Researchers from Britain and the United States found that persistent and dependent use of cannabis before the age of 18 may have a so-called neurotoxic effect, but heavy pot use after 18 appears to be less damaging to the brain.
Terrie Moffitt, a psychology and neuroscience professor at King's College London's Institute of Psychiatry, said the scope and length of the study, which involved more than 1,000 people followed up over 40 years, gave its findings added weight.
"It's such a special study that I'm fairly confident cannabis is safe for over-18 brains, but risky for under-18 brains," she said.
Before the age of 18, the brain is still being organized and remodeled to become more efficient and may be more vulnerable to damage from drugs, she added.
Moffitt worked with Madeleine Meier, a post-doctoral researcher at Duke University in the United States, to analyze data on 1,037 New Zealanders who took part in the study. About 96 percent of the original participants stuck with the study from 1972 to today, she said.Is anyone really surprised to find this out? Dependent users lost an average of 8 IQ points between 13 and 38.
While 8 IQ points may not sound like a lot on a scale where 100 is the mean, Meier said an IQ drop from 100 to 92 would mean dropping from being in the 50th percentile to being in the 29th.

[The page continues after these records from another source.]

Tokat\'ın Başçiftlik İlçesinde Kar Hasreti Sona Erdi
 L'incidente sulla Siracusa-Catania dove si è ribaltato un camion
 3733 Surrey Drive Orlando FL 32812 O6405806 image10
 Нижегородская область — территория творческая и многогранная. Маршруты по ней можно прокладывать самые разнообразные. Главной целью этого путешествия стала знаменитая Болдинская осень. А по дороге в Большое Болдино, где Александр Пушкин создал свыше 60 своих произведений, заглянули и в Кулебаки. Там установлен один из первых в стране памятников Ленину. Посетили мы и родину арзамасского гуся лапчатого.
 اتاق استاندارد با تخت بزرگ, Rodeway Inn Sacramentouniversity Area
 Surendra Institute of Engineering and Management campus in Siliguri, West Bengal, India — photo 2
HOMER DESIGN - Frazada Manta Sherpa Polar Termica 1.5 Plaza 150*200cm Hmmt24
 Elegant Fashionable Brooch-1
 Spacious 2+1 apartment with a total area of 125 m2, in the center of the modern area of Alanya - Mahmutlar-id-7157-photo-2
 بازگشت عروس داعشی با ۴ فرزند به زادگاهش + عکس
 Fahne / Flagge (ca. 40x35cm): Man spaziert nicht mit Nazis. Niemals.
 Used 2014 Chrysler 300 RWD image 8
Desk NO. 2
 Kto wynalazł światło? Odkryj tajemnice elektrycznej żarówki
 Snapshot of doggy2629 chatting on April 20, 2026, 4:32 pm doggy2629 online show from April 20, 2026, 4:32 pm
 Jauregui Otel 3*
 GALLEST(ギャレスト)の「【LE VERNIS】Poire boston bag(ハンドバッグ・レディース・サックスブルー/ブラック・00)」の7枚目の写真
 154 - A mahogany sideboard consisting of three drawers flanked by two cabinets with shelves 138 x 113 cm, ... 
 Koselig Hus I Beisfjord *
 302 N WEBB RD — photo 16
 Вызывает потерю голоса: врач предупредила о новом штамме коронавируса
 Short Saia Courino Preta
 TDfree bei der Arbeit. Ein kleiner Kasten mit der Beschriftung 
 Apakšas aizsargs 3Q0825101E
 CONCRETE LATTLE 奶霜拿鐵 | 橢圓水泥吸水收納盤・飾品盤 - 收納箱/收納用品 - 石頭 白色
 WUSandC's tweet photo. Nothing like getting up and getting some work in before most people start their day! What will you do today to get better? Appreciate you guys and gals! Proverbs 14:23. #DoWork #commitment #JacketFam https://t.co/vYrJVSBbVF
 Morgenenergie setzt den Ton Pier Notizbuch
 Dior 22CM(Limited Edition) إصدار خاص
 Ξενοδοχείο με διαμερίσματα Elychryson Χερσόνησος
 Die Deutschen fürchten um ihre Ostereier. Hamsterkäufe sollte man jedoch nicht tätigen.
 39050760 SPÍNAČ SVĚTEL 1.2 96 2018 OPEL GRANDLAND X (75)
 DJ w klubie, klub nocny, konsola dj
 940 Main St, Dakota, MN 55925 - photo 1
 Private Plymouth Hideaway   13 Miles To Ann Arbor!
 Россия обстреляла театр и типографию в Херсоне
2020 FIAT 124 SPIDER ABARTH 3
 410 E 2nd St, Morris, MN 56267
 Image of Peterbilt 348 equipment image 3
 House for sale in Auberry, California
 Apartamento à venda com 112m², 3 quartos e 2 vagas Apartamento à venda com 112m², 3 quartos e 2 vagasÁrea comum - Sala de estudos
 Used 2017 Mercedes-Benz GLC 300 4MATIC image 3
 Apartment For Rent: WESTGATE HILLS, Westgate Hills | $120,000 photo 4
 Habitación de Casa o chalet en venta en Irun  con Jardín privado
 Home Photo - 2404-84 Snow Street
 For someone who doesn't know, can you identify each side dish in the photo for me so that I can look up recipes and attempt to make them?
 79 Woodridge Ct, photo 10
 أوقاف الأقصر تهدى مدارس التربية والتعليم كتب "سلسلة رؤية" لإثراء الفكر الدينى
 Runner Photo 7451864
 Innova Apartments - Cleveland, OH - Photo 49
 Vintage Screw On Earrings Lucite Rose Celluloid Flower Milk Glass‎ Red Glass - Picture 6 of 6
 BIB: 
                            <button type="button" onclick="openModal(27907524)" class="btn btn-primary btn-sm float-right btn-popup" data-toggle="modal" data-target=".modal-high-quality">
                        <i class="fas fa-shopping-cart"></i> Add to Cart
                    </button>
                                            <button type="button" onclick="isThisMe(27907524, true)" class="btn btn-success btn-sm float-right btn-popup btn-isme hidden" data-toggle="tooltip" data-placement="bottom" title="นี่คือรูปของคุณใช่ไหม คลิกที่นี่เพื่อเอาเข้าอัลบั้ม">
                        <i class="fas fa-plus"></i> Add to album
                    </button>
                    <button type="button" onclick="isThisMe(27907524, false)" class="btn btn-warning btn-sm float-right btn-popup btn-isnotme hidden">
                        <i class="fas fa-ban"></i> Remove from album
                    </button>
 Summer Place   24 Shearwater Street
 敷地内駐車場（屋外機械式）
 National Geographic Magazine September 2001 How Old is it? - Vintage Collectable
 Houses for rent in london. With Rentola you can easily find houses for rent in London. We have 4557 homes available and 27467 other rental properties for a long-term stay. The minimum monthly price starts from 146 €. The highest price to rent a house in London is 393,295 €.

Higher IQs also correlate with higher levels of education and income, better health and longer lives, she said. "Somebody who loses 8 IQ points as an adolescent may be disadvantaged ... for years to come," she added.Here's the abstract. Wired's article about this study notes:
Up for debate is whether the brains of adolescent-onset users recover after quitting marijuana use. Meier’s finding that quitting did not restore mental function to pre-use levels was based on only a small sample of subjects who quit.UPDATE: Reading the comments on the Wired article seems to unintentionally prove the point of the study: large numbers of pro-pot comments along the lines of this one:
This study also does not answer the question: Did marijuana lower these people's IQ's? Or do people with low IQ's cope with their situation by smoking marijuana? Cause != effectLike many of the pro-pot people, he clearly lacked the ability to read the article and understand it:
Researchers gave study participants an IQ test at age 13, before the start of marijuana use, and again at age 38, after some had developed “cannabis dependence” — defined as continued use of the drug in spite of major health, social, and/or legal problems from using it.